NHS patients encouraged to give feedback about care on revamped website

Patients in Shetland are being encouraged to write about their experiences of health care, good and bad, on NHS Shetland’s revamped website which has just gone live.

In future some patients and carers may be invited to tell their stories on tape, video or in person to the NHS board, which manages health services in Shetland.

The new independent feedback system, called Patient Opinion, started in a low-key way in January, prompting only six responses so far by email, phone and letter. Five were complimentary and the other conveyed ideas for improvements.

Patient Opinion is a non-profit service independent of NHS Shetland and the NHS which confidentially handles each “story” about a person’s experience of the NHS, including what was good and what could have been better.

The comments on the whole range of NHS services, from GPs and dentists to hospitals and care in the community, are then put before clinical teams for response.
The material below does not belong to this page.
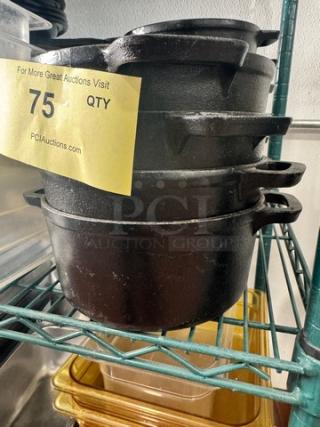 Cast iron small Dutch oven without lid, stacked on shelf, black finish, durable construction, auction tag indicating 75 quantity.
NHS Shetland now hopes feedback will increase via its new website at www.shb.scot.nhs.uk/ so that it can use the information to improve services.

Shetland NHS director of nursing, midwifery and allied health professionals Kathleen Carolan said plans for expanding the Patient Opinion service were still being finalised and will be reported to the board in June.

Chairman Ian Kinniburgh said the local NHS needed to treat Patient Opinion as “a serious mechanism” for dealing with problems and praise. “It is up to us to ensure we do react to this,” he said.

Board member Keith Massey said the experience of NHS Ayrshire and Arran was that patients volunteering to talk about their treatment was “much more powerful” than the results of someone filling in a questionnaire box.

Another member, Malcolm Bell, was sure there was much more feedback “out there” which the board is currently missing and should be trying to capture.

Meanwhile, most board members are blazing a trail for a paperless future, attending meetings armed only with their NHS-issue iPads instead of a hefty pile of reports which this week ran to 448 pages.

Mr Kinniburgh said the board was striving to move to paperless board and committee meetings. Although there was a substantial outlay to buy the handheld computers he said the board anticipated a big reduction in print costs, especially in replacement colour cartridges, as well as in postage costs and the many hours of staff time that would not have to be spent photocopying documents.